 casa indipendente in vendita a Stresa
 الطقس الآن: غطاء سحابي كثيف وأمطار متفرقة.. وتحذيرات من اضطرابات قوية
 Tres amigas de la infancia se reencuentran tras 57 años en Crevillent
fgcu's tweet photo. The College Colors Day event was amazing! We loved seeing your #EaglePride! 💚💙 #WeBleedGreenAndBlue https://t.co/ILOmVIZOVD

...

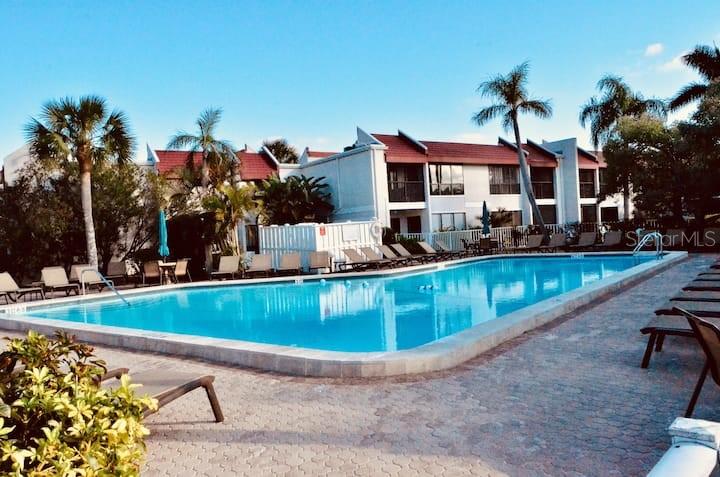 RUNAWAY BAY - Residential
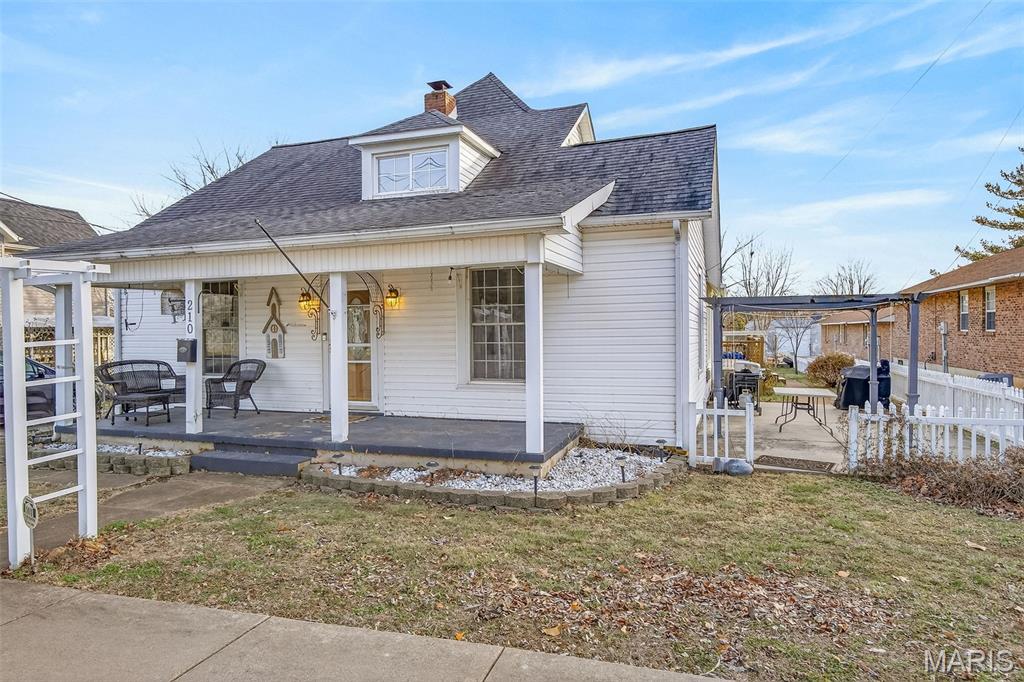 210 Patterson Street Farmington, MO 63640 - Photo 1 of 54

# INSTRUCTIONS FOR THE TASK:
The reply should consist solely of the lines above from the one that has "casa indipendente in vendita a Stresa" through the one that has "fgcu's tweet photo.", reproduced exactly.

# COMPLETED EXERCISE:
 casa indipendente in vendita a Stresa
 الطقس الآن: غطاء سحابي كثيف وأمطار متفرقة.. وتحذيرات من اضطرابات قوية
 Tres amigas de la infancia se reencuentran tras 57 años en Crevillent
fgcu's tweet photo. The College Colors Day event was amazing! We loved seeing your #EaglePride! 💚💙 #WeBleedGreenAndBlue https://t.co/ILOmVIZOVD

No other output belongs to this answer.